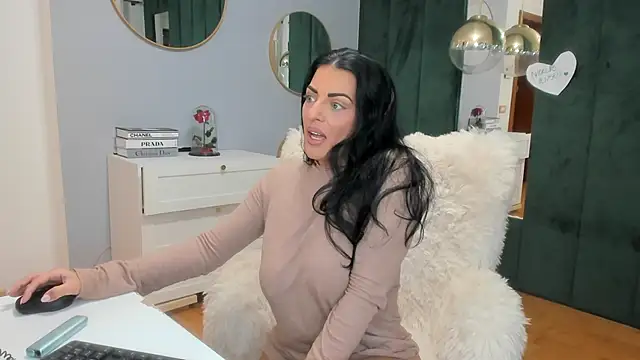 Snapshot of ElisaBaxter chatting on 2, 11, 2025 ElisaBaxter online show from 2, 11, 2025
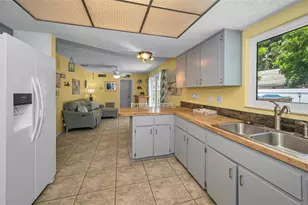 505 Whispering Oak Dr, Tarpon Springs, FL 34689 - Photo 17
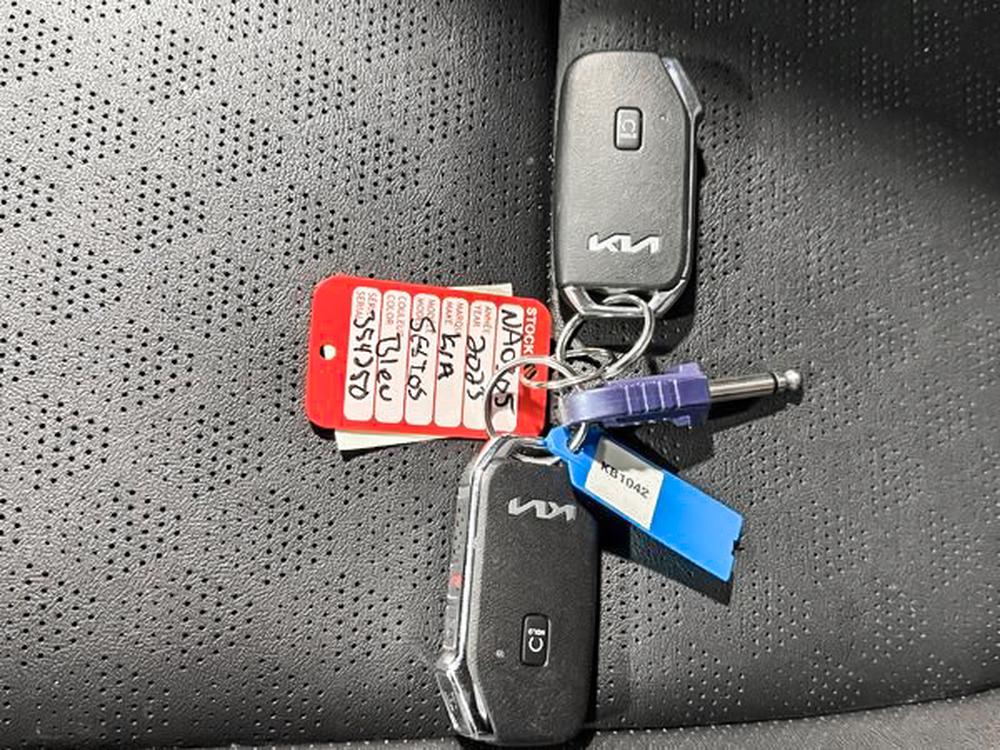 Kia Seltos EX Premium 2023 d&rsquo;occasion à vendre - 32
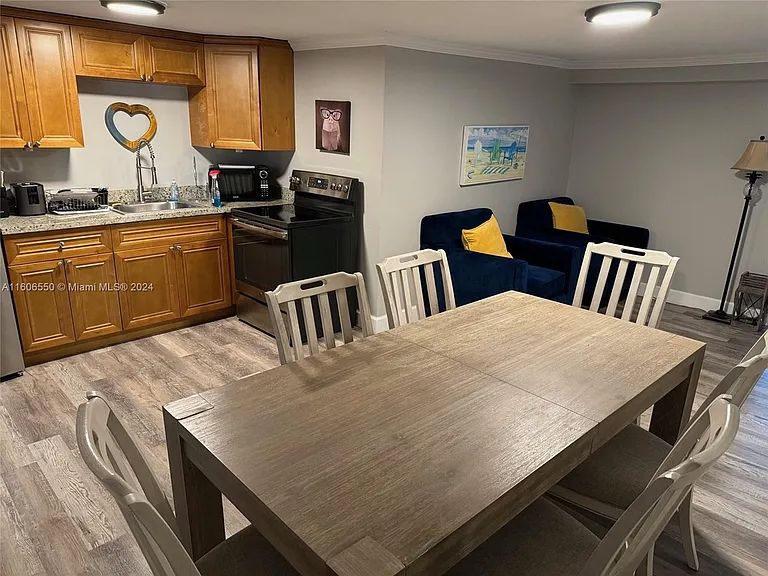 57 NE 24th St #61-B — Photo 6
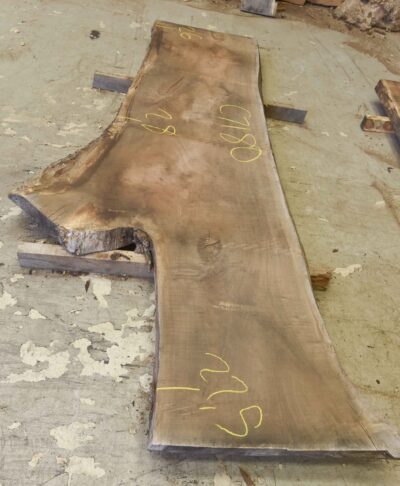 Walnut (Black) Board BC7180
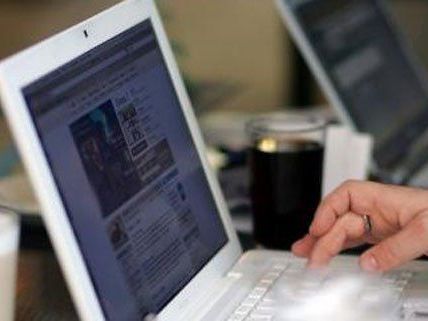 Wie sieht es mit dem Datenschutz am Arbeitsplatz aus? Wie sieht es mit dem Datenschutz am Arbeitsplatz aus?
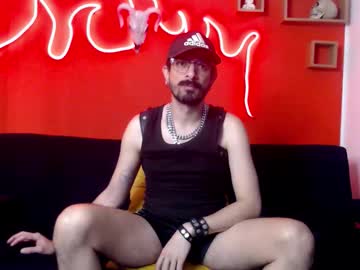 dark_harness - Live Male Cam – Free Gay Cam Show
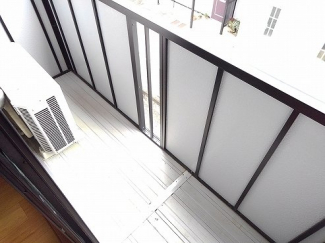 開放的で明るい空間を演出してくれるバルコニーです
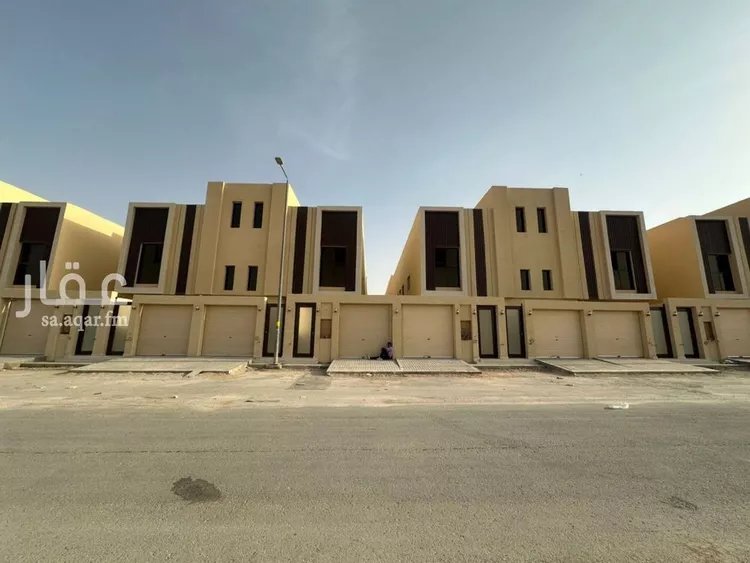 دور للبيع في شارع بعلبك, حي عكاظ, مدينة الرياض, منطقة الرياض صورة 2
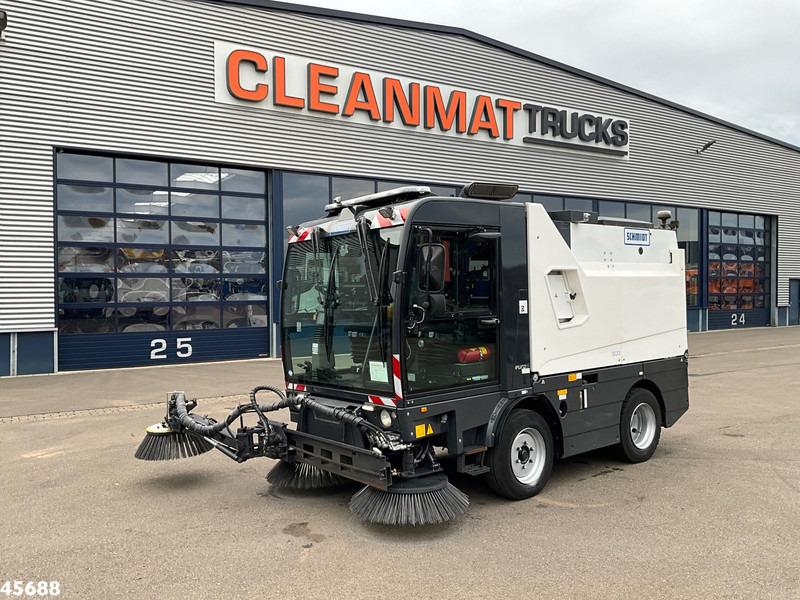 Schmidt Cleango Compact 500 Euro 6 with 3-rd brush Just 41.050 km! - Road sweeper: picture 2 Schmidt Cleango Compact 500 Euro 6 with 3-rd brush Just 41.050 km! - Road sweeper: picture 2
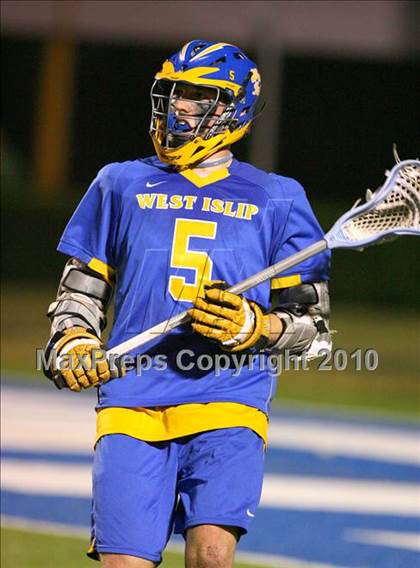Thumbnail 1 in West Islip vs. Farmingdale (NYSPHSAA Class A Quarterfinal) photogallery.
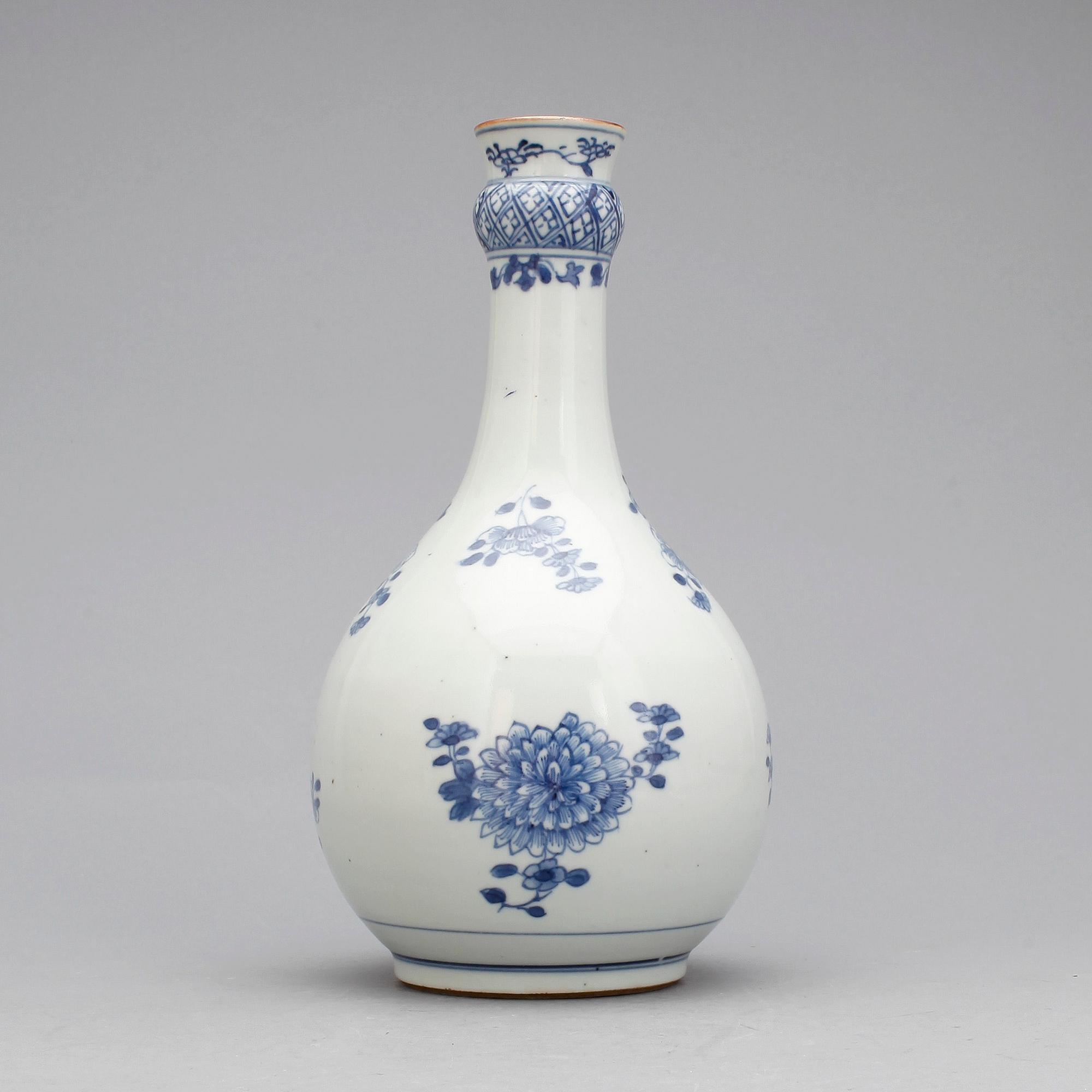 VAS, porslin, Kina, Qing dynastin, Qianlong (1735-96).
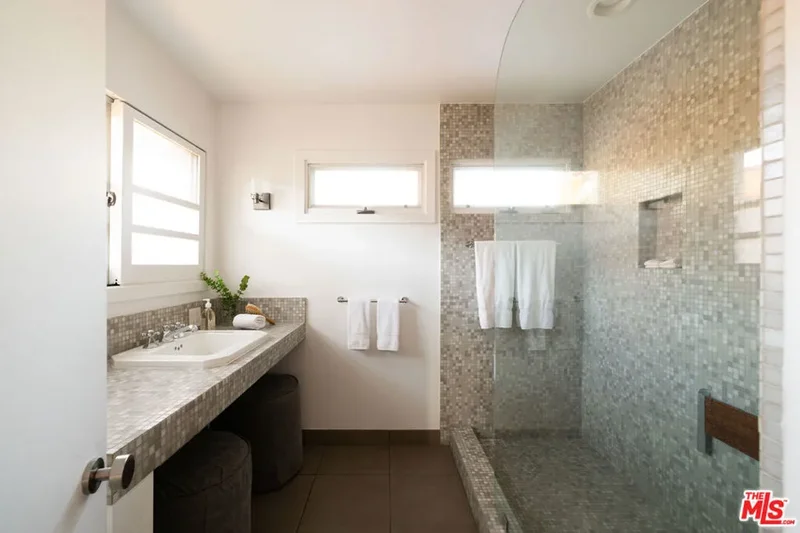 6300 Mulholland Highway, Los Angeles, California, United States. - Photo 30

- - - - -

§ REQUIRED ACTION:
In your answer, copy exactly the lines running from the line with "Wie sieht es mit dem Datenschutz am Arbeitsplatz aus? Wie" to the end of the material above, both included, and omit all pictures.

§ SOLUTION FOR THIS TASK:
 Wie sieht es mit dem Datenschutz am Arbeitsplatz aus? Wie sieht es mit dem Datenschutz am Arbeitsplatz aus?
 dark_harness - Live Male Cam – Free Gay Cam Show
 開放的で明るい空間を演出してくれるバルコニーです
 دور للبيع في شارع بعلبك, حي عكاظ, مدينة الرياض, منطقة الرياض صورة 2
 Schmidt Cleango Compact 500 Euro 6 with 3-rd brush Just 41.050 km! - Road sweeper: picture 2 Schmidt Cleango Compact 500 Euro 6 with 3-rd brush Just 41.050 km! - Road sweeper: picture 2
Thumbnail 1 in West Islip vs. Farmingdale (NYSPHSAA Class A Quarterfinal) photogallery.
 VAS, porslin, Kina, Qing dynastin, Qianlong (1735-96).
 6300 Mulholland Highway, Los Angeles, California, United States. - Photo 30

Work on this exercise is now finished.